Prioritizing Water Quality Sampling Using Machine Learning

Groundwater is typically a safe and reliable source of potable water. But as pumping exceeds recharge, water quality declines. That's because contaminants from pesticides and fertilizers, sewers and septic tanks, and hazardous materials and landfills may concentrate in the aquifers. Predicting the inorganic pollutants likely to be present in a groundwater supply is therefore vital.

Yet most state agencies and municipalities don't have the resources to conduct groundwater monitoring that would help prioritize where and what they should test. Narrowing that down is imperative because testing takes longer and costs more as locations to sample and chemicals to detect increase.

A recent study from a team at Arizona State and North Carolina State Universities published in Environmental Science & Technology presents a machine learning (ML) framework that can pinpoint high-risk sites that could compromise groundwater quality. The framework helps reduce uncertainty when prioritizing sampling locations and chemical analyses—crucial information for water test laboratories.

ML Models Predict Pollutant Groupings

Geologic and environmental factors cause pollutants, such as arsenic or lead, to occur naturally, along with specific other elements. Some of these elements pose a risk to human health. Others, like phosphorus, can be beneficial in agricultural contexts but pose environmental risks elsewhere.

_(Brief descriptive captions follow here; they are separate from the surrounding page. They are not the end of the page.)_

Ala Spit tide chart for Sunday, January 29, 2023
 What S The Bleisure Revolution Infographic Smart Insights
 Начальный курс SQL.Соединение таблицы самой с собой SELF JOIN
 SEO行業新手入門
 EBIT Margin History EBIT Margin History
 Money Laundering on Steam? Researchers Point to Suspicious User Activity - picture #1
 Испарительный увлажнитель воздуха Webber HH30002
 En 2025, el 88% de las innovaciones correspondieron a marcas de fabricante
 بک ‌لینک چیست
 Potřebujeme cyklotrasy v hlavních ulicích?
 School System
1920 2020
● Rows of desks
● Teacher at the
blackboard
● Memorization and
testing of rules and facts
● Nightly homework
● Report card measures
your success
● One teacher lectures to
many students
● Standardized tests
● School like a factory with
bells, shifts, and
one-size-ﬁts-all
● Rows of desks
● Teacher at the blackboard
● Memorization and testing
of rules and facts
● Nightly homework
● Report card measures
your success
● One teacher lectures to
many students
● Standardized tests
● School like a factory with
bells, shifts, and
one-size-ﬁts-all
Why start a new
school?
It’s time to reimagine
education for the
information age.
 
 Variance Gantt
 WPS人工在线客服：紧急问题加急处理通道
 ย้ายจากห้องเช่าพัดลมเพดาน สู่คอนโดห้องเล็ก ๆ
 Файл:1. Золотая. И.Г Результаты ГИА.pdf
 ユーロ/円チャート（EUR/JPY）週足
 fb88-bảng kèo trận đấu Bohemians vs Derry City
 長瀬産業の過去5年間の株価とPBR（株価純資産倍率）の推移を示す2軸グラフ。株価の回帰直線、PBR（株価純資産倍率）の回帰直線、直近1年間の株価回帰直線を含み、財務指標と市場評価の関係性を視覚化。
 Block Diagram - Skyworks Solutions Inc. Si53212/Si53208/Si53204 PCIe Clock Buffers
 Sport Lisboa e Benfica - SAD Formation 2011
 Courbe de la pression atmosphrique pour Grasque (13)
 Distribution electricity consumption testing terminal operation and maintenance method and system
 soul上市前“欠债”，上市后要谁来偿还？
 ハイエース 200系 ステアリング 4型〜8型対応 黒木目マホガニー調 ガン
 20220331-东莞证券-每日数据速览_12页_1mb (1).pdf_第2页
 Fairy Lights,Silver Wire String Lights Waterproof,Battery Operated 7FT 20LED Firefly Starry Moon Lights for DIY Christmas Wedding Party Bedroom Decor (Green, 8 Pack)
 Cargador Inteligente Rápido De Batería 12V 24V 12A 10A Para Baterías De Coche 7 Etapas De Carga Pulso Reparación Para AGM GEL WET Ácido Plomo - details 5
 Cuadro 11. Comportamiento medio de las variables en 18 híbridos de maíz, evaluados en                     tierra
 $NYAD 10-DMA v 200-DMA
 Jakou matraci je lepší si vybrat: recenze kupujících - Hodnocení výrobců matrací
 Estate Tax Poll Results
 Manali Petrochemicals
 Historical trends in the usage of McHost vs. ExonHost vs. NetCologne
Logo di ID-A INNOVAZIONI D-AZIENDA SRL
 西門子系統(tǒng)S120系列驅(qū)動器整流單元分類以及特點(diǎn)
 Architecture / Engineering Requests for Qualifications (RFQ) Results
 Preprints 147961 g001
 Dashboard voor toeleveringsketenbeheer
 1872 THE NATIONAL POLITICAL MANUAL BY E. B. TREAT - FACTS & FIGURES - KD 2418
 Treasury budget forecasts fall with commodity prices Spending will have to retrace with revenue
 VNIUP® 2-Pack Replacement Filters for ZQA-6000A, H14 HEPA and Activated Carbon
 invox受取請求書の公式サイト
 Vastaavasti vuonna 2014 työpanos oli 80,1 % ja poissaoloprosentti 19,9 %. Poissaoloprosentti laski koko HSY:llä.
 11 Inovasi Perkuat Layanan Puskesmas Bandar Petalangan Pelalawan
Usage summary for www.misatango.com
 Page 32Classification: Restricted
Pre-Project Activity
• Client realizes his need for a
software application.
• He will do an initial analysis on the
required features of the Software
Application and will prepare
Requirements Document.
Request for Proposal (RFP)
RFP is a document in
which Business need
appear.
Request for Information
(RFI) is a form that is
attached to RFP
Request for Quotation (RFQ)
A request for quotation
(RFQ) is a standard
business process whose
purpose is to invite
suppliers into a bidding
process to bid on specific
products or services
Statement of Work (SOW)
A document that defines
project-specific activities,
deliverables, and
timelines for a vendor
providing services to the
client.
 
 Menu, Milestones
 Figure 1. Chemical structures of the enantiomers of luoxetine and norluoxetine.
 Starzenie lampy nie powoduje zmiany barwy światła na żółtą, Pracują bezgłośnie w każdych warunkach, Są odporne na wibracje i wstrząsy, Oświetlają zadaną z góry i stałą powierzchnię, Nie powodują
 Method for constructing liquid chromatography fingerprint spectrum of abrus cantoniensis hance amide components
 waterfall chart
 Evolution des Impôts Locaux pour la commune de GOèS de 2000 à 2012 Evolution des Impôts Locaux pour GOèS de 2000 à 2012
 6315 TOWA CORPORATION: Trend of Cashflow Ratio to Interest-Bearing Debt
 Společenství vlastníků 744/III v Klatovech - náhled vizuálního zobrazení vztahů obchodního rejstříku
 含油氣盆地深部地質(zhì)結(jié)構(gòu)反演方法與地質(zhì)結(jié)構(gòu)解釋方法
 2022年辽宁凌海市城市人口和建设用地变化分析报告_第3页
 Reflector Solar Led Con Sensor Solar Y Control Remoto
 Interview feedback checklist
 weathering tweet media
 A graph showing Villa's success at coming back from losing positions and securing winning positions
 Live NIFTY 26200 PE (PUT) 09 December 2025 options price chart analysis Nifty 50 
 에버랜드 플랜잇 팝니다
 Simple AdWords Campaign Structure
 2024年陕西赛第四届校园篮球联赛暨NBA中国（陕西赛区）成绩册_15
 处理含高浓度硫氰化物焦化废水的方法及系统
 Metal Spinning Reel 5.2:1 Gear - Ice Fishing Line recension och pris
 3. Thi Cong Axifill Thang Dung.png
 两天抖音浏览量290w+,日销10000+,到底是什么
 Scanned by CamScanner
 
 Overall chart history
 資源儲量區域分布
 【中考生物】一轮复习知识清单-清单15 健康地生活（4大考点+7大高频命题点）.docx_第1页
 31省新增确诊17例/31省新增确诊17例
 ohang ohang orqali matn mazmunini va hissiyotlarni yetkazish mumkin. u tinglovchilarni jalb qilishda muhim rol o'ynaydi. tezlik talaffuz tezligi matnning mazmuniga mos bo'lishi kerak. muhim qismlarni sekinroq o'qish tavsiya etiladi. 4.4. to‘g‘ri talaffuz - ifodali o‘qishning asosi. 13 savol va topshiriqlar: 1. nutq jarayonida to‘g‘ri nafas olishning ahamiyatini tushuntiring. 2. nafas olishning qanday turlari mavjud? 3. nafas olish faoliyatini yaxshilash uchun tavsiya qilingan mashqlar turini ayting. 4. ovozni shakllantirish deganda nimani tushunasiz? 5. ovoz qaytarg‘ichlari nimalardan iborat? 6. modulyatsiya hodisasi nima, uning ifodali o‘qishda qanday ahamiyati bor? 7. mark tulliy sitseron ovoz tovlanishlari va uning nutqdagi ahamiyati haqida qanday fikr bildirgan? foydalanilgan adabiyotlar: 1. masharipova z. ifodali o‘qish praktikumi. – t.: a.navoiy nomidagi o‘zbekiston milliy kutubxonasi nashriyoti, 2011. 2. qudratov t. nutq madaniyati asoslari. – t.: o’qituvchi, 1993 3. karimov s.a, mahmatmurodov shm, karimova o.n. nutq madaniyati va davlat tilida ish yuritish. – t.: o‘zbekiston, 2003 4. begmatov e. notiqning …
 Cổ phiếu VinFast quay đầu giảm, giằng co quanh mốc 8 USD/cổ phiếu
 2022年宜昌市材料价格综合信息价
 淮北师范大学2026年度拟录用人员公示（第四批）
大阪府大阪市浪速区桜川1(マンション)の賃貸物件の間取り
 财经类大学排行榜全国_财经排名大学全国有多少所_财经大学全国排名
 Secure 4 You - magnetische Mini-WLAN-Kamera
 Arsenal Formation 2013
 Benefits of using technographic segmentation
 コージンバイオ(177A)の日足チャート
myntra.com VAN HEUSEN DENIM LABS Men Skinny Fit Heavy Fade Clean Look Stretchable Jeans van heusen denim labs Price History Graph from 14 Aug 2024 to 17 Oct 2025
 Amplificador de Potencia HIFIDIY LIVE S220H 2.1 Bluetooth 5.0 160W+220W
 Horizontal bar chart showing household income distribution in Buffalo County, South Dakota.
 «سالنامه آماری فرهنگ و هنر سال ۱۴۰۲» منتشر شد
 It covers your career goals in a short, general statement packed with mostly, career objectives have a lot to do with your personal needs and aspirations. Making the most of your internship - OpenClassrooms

The research team set out to determine how to predict the presence and concentrations of pollutants given the limited water quality data available for most groundwater supplies. They started with a dataset containing 20+ million data points—the result of monitoring more than 50 water quality parameters over 140 years.

The researchers used this huge dataset to train an ML model. The model predicted which elements would be present based on the available water quality data. Even if the team had data only on a handful of parameters in an area, the program could still predict which inorganic pollutants were likely to be in the water and how abundant they might be.

ML Framework Helps Locate Hotspots

Many datasets are missing values, including one spanning over a century. However, the researchers' work allowed them to replace missing data with estimated values. This inputted data revealed the number of sampling locations that would potentially exceed health-based limits was two to five times the number initially expected. In addition, the results identified samples where two to six chemicals may co-occur and surpass health-based levels. Linking inputted data to sampling locations can pinpoint hotspots with elevated chemical levels and guide additional field sampling and analysis.

A key finding is that the model suggests that pollutants exceed drinking water standards in more groundwater sources than previously documented. Although field data indicated that up to 80% of sampled locations were within safe limits, the ML framework predicts that only 15% to 55% may truly be risk-free.

That means agencies should prioritize many groundwater sites for additional testing. Identifying these potential hotspots lets state and local governments strategically allocate resources to high-risk areas, ensuring more targeted sampling and supporting more effective water treatment solutions.

Model Enhancements Offer Global Potential

As part of future work, the researchers plan to enhance the model. Expanding the training data will allow use across diverse U.S. regions. Integrating new data sources like environmental data layers can help address emerging contaminants. And conducting real-world testing could help ensure robust, targeted groundwater safety measures worldwide.

These improvements could make the groundwater supply safer worldwide and help labs working with agencies identify critical sampling locations and test parameters.